All of the participants in the First Things symposium--it was called "The End of Democracy? The Judicial
Usurpation of Politics"--permitted themselves radical rhetoric. Robert H. Bork denounced the nation's "judicial oligarchy" for spreading "moral chaos" throughout the land. The Catholic theologian Russell Hittinger asserted that the country now lived "under an altered constitutional regime" whose laws were "unworthy of loyalty." Charles W. Colson maintained that America may have reached the point where "the only political action believers can take is some kind of direct, extra-political confrontation" with the "judicially controlled regime." And in a contribution titled "The Tyrant State," Robert P. George asserted that "the courts ... have imposed upon the nation immoral policies that pro-life Americans cannot, in conscience, accept."

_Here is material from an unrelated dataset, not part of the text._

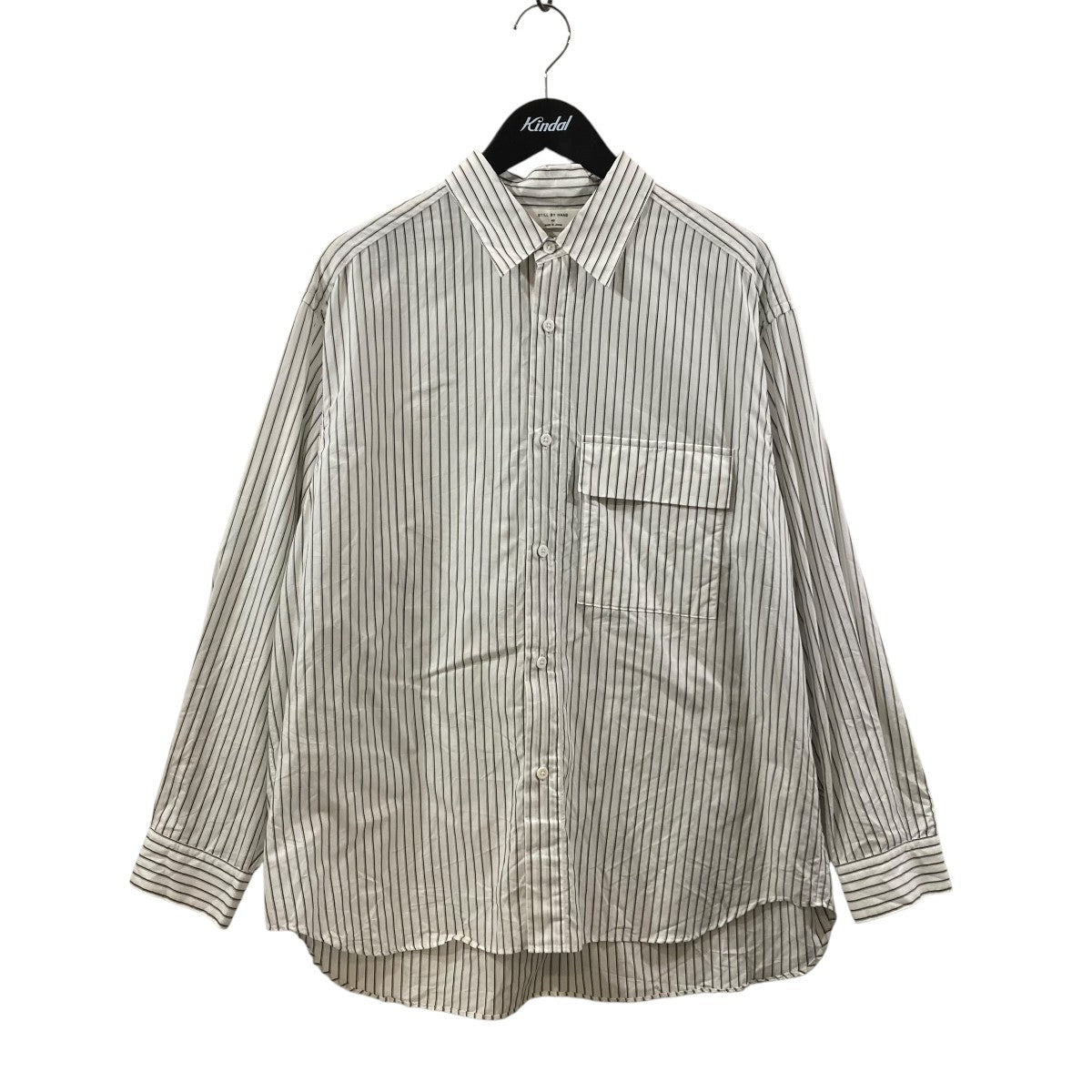 25SSOversized shirtsストライプシャツSH04251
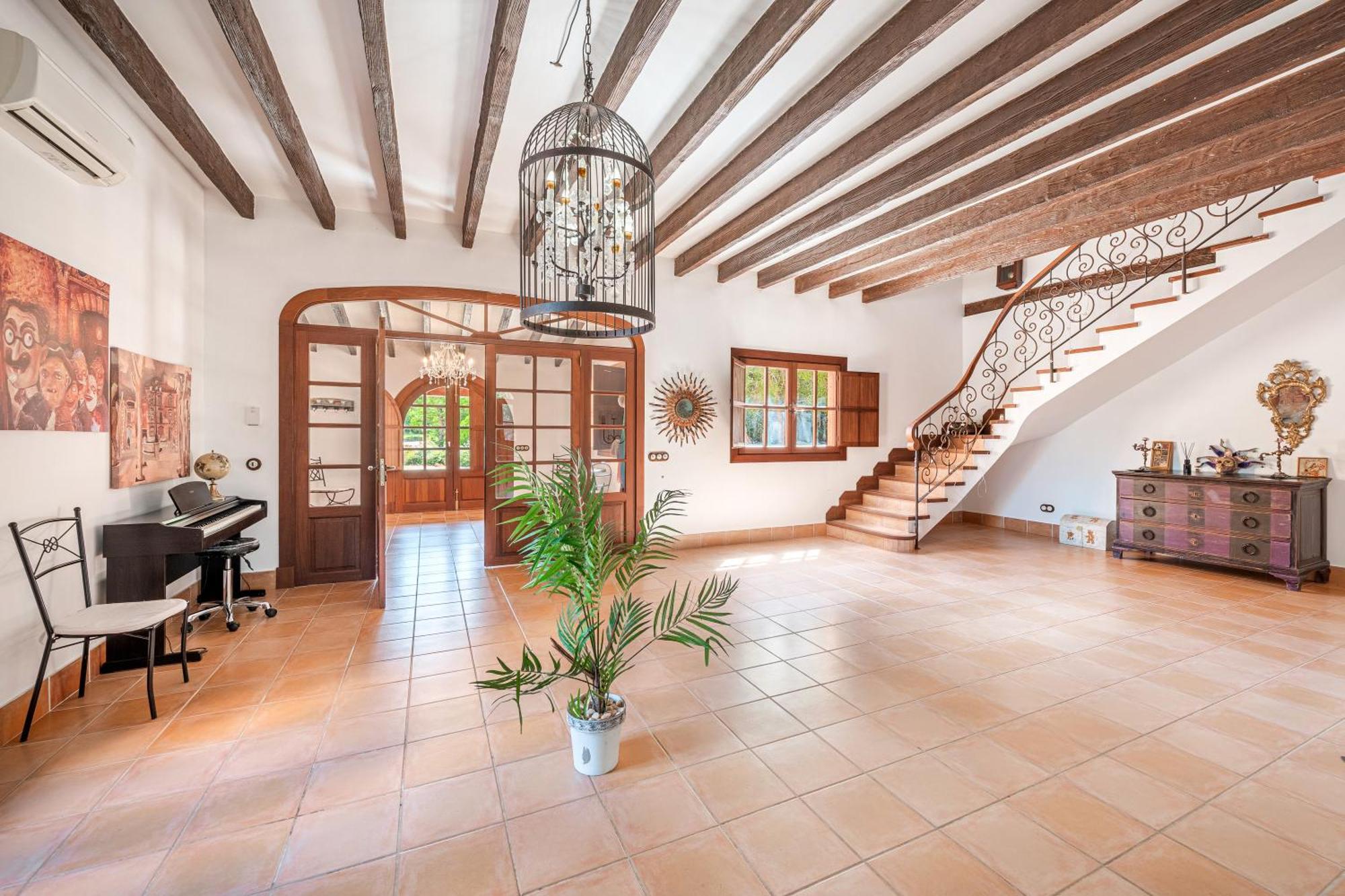 Son French Villa Algaida  Buitenkant foto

But it was Neuhaus himself who did more than anyone else to push the tone of the symposium beyond the limits of responsible discourse. In the unsigned editorial with which he introduced the special issue of the magazine, Neuhaus adopted the revolutionary language of the Declaration of Independence to lament the judiciary's "long train of abuses and usurpations" and to warn darkly about "the prospect--some might say the present reality--of despotism" in America. In Neuhaus's view, what was happening in the United States could only be described as "the displacement of a constitutional order by a regime that does not have, will not obtain, and cannot command the consent of the people." Hence the stark and radical options confronting the country, ranging "from noncompliance to resistance to civil disobedience to morally justified revolution."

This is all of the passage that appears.